When the Lancashire Supplement was published in 1979, we were made up to have a brand new crag on our doorstep, which we were completely unaware of (no internet back then).  I remember being impressed when we first visited Jack Scout Cove, not only because the rock was completely unpolished, but because the setting was so lovely.  The perfect sea washed turf which Jim describes was like a well-manicured lawn running right up to the cliff.  It allowed me to boulder out the start of In the Wake of Poseidon in relative safety, even though bouldering mats hadn’t been invented!
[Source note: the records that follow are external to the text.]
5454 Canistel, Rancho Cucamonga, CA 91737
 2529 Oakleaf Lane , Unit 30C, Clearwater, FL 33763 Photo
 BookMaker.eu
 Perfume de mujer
One memorable evening in 1980 I finally committed to the sequence and finished that route, before soloing all of the other 28 routes in that Supplement, finishing by reversing Onedin Line. Whilst the very thought of such craziness now leaves me with sweaty palms, I certainly wouldn’t have contemplated it had the landing been the chaos of lethal, jagged boulders which greeted me when I returned a few years later.  I didn’t climb on that occasion and haven’t been back since, that charming, miniature crag having been completely ruined by that devastating winter storm, as far as I was concerned.

 David Bowler 31 Jan 2021
In reply to Michael Hood:

I suggest Miami Rock Ridge. The only rock within South Florida. Check out the panorama in the photo.

https://en.wikipedia.org/wiki/Alice_Wainwright_Park

Comes complete with snakes.

 Lankyman 31 Jan 2021
In reply to Neil Foster:

I too first climbed at the Cove in the seventies along with lots of other local crags. It was a big adventure just getting there in a 'crappy little car' from the south end of Lancashire. I well remember the beautiful turf and idyllic outlook over the Bay. Even the addition of Heysham 1 and 2 didn't really impinge. The turf has long since gone. What I always find odd is how some folks turn up there (or anywhere) and feel let down, even seemingly taking it personally, that the crag has somehow offended them. It's not a patch on Stanage or whatever premier venue they care to compare with. To me, what their attitude demonstrates is a failure to appreciate it on its own terms. Presumably anyone lacking supermodel looks and galactic intellect is also a failure in their estimation. I climbed lots at Jack Scout over the last 40 plus years and also around the globe and still think it's a good little venue. I just don't compare it to Scafell and then throw a strop. And if you can't hack a blade of grass or wobbly hold just move along the shore and you'll find bolts galore to save you from the awfulness of it all.

 wbo2 31 Jan 2021
In reply to Michael Hood:As a complete diversion I find geologic time a bit misleading.  A lot of things happen quite quickly in geology, as you've observed though most of the time nothing.

Back on track good to see some love for crappy little crags.  I have some boulders near my house you can boulder on.  They ain't the the new Stanage, but I'm glad they're there

 PaulJepson 01 Feb 2021
In reply to The Pylon King:

I can see 1st editions of 'Crappish Rock' going for £200 in the future. 

OP Michael Hood 01 Feb 2021
In reply to PaulJepson:

There will be no 2nd edition 😁

 Andy Clarke 01 Feb 2021
In reply to PaulJepson:

> I can see 1st editions of 'Crappish Rock' going for £200 in the future. 

That will be because most of the originals fall apart as you turn the pages.

 Rob Exile Ward 02 Feb 2021
In reply to Dom Goodwin:

Remarkable how often the Malverns crop up in threads like this. Usually ones about rubbish crags!